Question

integrate by parts :
x tan ^-1 x
@SolomonZelman

Answer 1

i ended up here : x^2 /2 tan^-1 x - § 1 / root (x^2 + 1) * x^2 /2 .dx
and i lost it..

Answer 2

this is very nasty for me to explain, because I am myself a student...
§ x tan \(\scriptsize\color{black}{ ^{-1}}\)x dx

I don't see any other method to use other than your's :)

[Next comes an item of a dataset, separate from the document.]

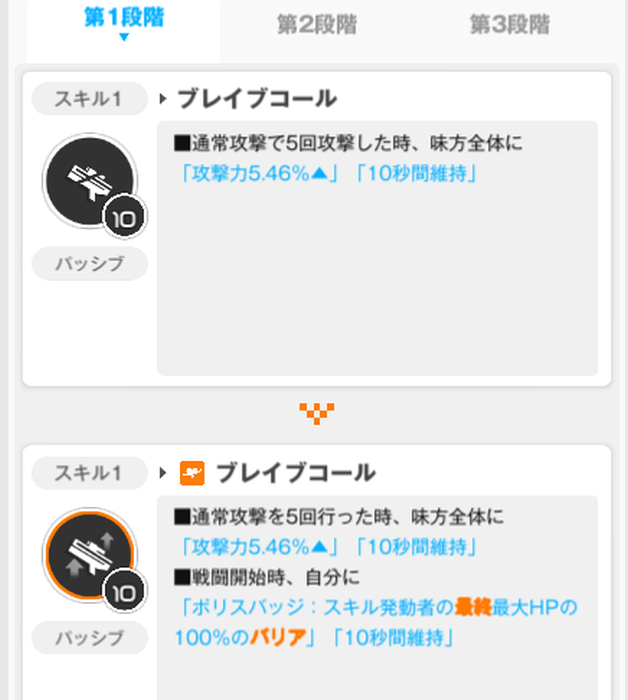 NIKKEの宝ものポリのスキル1説明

tan \(\scriptsize\color{black}{ ^{-1}}\)x=f
df = 1/(x²+1) dx
dg=xdx
g=x²/2

and this all is in `§f dg= fg - §g df `

Answer 3

This is how I would start at least.

Answer 4

m sorry but here we need to solve it "by parts" and not by substitution!

Answer 5

No, I am integrating ' x tan \(\scriptsize\color{black}{ ^{-1}}\)x ' like this, and it is by parts.

Answer 6

§f1 . f2 .dx= f1 §f2 dx - § [df1/dx §f2 dx ] dx
i meant solve it by this!

Answer 7

I am very confusing often times, but when I am continuing I am getting,

½ x² tan \(\scriptsize\color{black}{ ^{-1}}\)x - § x² / [ 2(x² +1) ] dx
½ x² tan \(\scriptsize\color{black}{ ^{-1}}\)x - ½§ x² / [ (x² +1) ] dx

then, long division for the second integral,

½ x² tan \(\scriptsize\color{black}{ ^{-1}}\)x - ½§ 1- [1/(x² +1) ] dx

Answer 8

½ x² tan \(\scriptsize\color{black}{ ^{-1}}\)x - ½§ 1/(x² +1) dx - ½ § 1 dx

Answer 9

½ x² tan\(\scriptsize\color{black}{ ^{-1}}\)(x) + ½ tan\(\scriptsize\color{black}{ ^{-1}}\)(x) -x/2 +C

Answer 10

then factor out of 1/2

Answer 11

is the differentiation of tan^-1 x = x^2 +1 or root ( x^2 +1 ) ?

Answer 12

none

Answer 13

1/ (x² +1)

Answer 14

yeah, .. I am not a very good helper.... igtg

Answer 15

ohk.. thankyou soo much this was my mistake..

Answer 16

okay thanks.. i got the answer (: and ur a great great helper :D

Answer 17

yw... btw, the highest math course I took was trigonometry, will leave it with this... bye and yw.

Answer 18

bbye (: @SolomonZelman